The detection method of phosphatide: it uses the potassium dihydrogen phosphate of various concentration as standard solution, is separately added into 0.015% sulphur
Sour hydrazine solution, 2.5% sodium molybdate dilution heat of sulfuric acid heat 10min in boiling water bath, are cooled to room temperature, with water constant volume.650nm
Absorbance value is measured, standard curve is drawn.Sample A-H is weighed into 2.0~3.0g in crucible respectively, 0.5gZnO, carbonization is added
It is heated to sample afterwards and is ashed into white completely for 560 DEG C of Muffle furnace, be cooled to room temperature, the niacin reaction of 10mL volume ratio 1:1 is added,
Sequentially add 50% potassium hydroxide solution, hydrochloric acid to the solution of volume ratio 1:1 is clarified.Absorbance value, root are measured in the same way
The content of phosphatide in A~H is calculated according to standard curve.

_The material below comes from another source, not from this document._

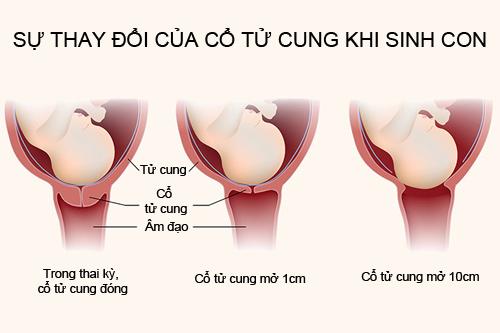 Mang thai: Quá trình cổ tử cung mở từ 1cm-10cm khi đẻ thường diễn ...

The detection method of DHA and EPA: weighing DHA methyl esters and EPA methacrylate calibration is appropriate, with n-hexane dissolution and quantitatively
It is diluted to the mixed liquor in every ml containing about 1.6mg, nitrogen is poured and is protected.Precision weighs sample A~H15mg or so, sets
In 50mL volumetric flask, n-hexane dissolution is added to dilute constant volume;It takes 2ml to have in plug centrifuge tube in 15ml, 2ml 0.5mol/L hydrogen is added
Potassium oxide-methanol solution, sealing, vibrate 5min, stand 5min, add 1% sulfuric acid-methanol solution 2ml, seal, vibrate 5min, 70
DEG C heating water bath 2min after being cooled to room temperature plus saturated sodium chloride solution 5ml, is mixed, supernatant is crossed 0.45 μm by stratification
Aluminium film, precision measure 1 μ l sample introduction.Quantitative calculating is carried out according to the calibration curve method of standard items.Using HP-INNOWAX elasticity stone
English capillary column (30m × 0.32mm, 0.25 μm), fid detector, rise to 250 DEG C with 8 DEG C/min, protect by 180 DEG C of initial temperature
Hold 10min;250 DEG C of injector temperature, 280 DEG C of detector temperature, carrier gas is High Purity Nitrogen, flow velocity 1ml/min, split ratio 20:1,
1 μ l of sample volume.
The astaxanthin of different sample shrimp sauces, phosphatide, astacin, the content of EPA, DHA are as shown in the table.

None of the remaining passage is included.